The company may interview several people, and offer the job to one, but hold off on rejecting all applicants in case the first-choice candidate does not accept the position.
Federal Government Notification Requirements
In 2009, the federal government established requirements for agencies to notify candidates of their status during the screening process as part of its "end-to-end hiring initiative."
Notification must take place at least four times during the process—upon receipt of the application, when the application is evaluated against the requirements for the job, when a decision is made about whether to refer the candidate to the selecting official, and when the final employment decision is made.
Background Screening and Employment Tests
Employers who reject applicants based on background screening and employment tests must notify applicants if they have been rejected based on any information secured through that process.
The Fair Credit Reporting Act stipulates that candidates have the right to dispute any damaging information contained in their report. Companies that fail to give applicants an opportunity to respond to negative background checks may find themselves in legal trouble.
How to Follow Up With an Employer
In can be hard to follow up when you have applied for a job. Many employers don't list contact information, email addresses, or phone numbers. If you’ve applied through the corporate site or a jobs website, you may be stuck waiting to see if you hear back.

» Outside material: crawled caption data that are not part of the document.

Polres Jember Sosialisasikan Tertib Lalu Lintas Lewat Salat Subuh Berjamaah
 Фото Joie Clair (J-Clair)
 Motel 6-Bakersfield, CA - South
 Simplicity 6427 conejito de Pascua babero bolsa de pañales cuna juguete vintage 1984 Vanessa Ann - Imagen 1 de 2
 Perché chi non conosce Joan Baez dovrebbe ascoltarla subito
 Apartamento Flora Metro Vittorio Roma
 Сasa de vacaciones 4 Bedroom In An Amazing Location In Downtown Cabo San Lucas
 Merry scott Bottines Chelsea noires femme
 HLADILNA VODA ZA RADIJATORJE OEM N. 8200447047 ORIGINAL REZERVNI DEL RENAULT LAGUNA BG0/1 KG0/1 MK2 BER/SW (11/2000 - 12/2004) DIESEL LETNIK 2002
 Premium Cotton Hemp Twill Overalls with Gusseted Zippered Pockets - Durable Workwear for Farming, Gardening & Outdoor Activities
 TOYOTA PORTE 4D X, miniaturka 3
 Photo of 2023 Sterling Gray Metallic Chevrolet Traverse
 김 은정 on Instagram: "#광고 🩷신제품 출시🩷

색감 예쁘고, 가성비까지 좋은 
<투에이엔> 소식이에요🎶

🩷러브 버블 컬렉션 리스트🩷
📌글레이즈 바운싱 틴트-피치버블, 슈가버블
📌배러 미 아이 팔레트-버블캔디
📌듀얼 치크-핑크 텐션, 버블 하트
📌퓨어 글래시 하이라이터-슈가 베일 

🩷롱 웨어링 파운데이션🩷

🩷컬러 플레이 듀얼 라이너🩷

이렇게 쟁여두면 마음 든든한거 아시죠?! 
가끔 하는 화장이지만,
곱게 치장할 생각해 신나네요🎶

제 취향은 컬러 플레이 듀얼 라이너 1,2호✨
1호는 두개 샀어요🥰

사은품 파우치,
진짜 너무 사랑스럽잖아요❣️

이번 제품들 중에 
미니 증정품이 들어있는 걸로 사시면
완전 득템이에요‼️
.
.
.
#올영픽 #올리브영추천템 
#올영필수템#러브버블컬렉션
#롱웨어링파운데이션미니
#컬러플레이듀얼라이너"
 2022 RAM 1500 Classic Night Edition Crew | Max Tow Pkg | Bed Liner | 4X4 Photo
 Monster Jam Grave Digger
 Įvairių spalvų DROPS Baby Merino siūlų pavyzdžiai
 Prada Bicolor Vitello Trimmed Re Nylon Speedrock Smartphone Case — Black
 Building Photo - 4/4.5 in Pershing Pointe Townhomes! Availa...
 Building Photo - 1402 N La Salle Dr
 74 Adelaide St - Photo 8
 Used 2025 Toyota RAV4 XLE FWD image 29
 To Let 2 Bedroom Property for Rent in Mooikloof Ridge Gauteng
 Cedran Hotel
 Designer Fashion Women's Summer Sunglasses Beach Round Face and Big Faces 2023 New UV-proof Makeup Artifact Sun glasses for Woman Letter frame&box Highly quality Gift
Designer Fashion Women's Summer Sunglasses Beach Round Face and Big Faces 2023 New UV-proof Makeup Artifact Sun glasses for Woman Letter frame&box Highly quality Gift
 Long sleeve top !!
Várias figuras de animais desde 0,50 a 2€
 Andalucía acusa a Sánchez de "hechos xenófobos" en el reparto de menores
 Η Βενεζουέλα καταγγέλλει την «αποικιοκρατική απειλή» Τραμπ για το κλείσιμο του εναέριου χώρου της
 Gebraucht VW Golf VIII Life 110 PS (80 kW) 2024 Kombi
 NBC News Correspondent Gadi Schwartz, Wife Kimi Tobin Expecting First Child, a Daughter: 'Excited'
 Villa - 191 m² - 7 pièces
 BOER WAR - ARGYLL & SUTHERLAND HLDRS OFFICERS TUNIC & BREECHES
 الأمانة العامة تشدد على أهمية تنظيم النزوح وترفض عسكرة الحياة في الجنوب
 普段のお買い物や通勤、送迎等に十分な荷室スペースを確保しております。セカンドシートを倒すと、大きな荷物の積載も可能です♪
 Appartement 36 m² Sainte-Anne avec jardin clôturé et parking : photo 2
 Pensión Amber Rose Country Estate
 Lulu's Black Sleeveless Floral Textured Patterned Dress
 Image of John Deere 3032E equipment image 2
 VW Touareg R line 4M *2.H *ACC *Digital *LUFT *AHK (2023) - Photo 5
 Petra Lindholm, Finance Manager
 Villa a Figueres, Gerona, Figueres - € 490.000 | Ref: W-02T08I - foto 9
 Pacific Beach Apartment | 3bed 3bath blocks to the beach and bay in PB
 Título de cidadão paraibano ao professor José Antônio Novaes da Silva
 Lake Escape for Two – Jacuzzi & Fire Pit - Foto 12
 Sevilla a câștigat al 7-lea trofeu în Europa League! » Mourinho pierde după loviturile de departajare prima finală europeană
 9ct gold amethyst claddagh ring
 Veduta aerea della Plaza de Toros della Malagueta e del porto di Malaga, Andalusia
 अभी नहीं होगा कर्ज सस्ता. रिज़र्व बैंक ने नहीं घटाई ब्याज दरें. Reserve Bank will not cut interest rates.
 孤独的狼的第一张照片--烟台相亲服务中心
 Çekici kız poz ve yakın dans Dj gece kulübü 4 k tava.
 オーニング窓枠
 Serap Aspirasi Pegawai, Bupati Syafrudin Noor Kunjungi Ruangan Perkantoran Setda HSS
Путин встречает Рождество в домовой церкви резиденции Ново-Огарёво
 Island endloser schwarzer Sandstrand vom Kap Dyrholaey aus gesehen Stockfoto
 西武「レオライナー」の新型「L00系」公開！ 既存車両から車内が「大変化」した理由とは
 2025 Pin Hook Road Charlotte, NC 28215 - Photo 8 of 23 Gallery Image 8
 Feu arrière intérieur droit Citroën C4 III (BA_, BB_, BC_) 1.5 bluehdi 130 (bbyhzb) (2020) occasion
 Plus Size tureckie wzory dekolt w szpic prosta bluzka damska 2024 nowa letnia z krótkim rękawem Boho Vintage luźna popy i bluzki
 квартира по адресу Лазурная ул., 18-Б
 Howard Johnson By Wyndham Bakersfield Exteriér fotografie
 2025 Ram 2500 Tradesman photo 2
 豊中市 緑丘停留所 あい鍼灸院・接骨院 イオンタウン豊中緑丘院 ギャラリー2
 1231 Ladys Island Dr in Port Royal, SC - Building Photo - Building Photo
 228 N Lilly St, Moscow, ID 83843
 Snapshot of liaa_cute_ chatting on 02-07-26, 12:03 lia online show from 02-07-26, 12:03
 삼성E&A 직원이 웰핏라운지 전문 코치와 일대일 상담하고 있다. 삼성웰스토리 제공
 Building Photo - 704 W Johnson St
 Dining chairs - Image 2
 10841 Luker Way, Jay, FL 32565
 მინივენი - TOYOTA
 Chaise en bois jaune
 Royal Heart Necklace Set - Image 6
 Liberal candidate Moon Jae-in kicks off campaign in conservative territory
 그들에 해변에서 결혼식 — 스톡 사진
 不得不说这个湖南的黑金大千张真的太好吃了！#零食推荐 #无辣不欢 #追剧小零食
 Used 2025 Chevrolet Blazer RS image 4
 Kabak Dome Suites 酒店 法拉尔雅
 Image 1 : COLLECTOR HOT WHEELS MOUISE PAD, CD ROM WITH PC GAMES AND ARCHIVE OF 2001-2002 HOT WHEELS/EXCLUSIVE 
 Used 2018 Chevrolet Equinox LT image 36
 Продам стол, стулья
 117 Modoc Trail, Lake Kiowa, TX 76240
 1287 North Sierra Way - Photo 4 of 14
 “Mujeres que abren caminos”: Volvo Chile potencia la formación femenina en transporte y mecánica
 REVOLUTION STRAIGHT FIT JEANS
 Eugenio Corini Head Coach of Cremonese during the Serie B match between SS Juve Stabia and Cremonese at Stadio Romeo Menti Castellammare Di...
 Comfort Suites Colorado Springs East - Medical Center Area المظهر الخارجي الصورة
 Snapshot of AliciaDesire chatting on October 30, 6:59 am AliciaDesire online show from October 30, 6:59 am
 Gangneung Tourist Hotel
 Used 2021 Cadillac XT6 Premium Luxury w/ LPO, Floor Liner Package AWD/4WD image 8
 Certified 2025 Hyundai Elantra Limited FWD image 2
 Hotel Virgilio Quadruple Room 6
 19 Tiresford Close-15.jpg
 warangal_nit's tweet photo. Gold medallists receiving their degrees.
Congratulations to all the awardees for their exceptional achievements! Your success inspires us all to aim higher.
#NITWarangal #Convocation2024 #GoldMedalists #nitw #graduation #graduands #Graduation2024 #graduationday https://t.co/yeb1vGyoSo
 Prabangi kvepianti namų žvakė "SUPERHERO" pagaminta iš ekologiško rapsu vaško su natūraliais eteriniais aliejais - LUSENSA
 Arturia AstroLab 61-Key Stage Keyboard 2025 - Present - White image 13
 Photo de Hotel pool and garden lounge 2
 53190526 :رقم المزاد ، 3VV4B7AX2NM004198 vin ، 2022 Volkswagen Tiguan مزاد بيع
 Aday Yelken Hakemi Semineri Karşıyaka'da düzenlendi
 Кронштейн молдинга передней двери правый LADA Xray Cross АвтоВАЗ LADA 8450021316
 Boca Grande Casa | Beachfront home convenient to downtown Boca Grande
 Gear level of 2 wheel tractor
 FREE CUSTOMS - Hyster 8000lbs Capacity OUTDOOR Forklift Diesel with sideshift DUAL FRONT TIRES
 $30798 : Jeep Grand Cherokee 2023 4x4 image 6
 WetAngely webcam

If you want to try to find a contact at the company, there are several ways to go about it:
- Look at the company website to see if the hiring manager or HR representative is listed there.
- If you have the contact person’s name, but not their email address, you can look at the convention for other email addresses at the company and take an educated guess.
- If you don’t have a name, you can try calling the company to ask for the best contact for HR.
Follow up once, a week or two after your initial application. After that, it’s best to let it go. Employers want enthusiastic candidates, but they don’t want to work with someone who persists past the point of reason.
The easiest time to follow up is after a job interview—if you do your homework during the interview itself. Always ask when you can expect to hear from the company and make a note of the name and contact information of the hiring manager. This information will also come in handy when you send your thank-you note (ideally, within 24 hours of the interview).
Then, after that time frame passes, you can send an email or call to find out the status. You might not get a response, but at least you will have done your part.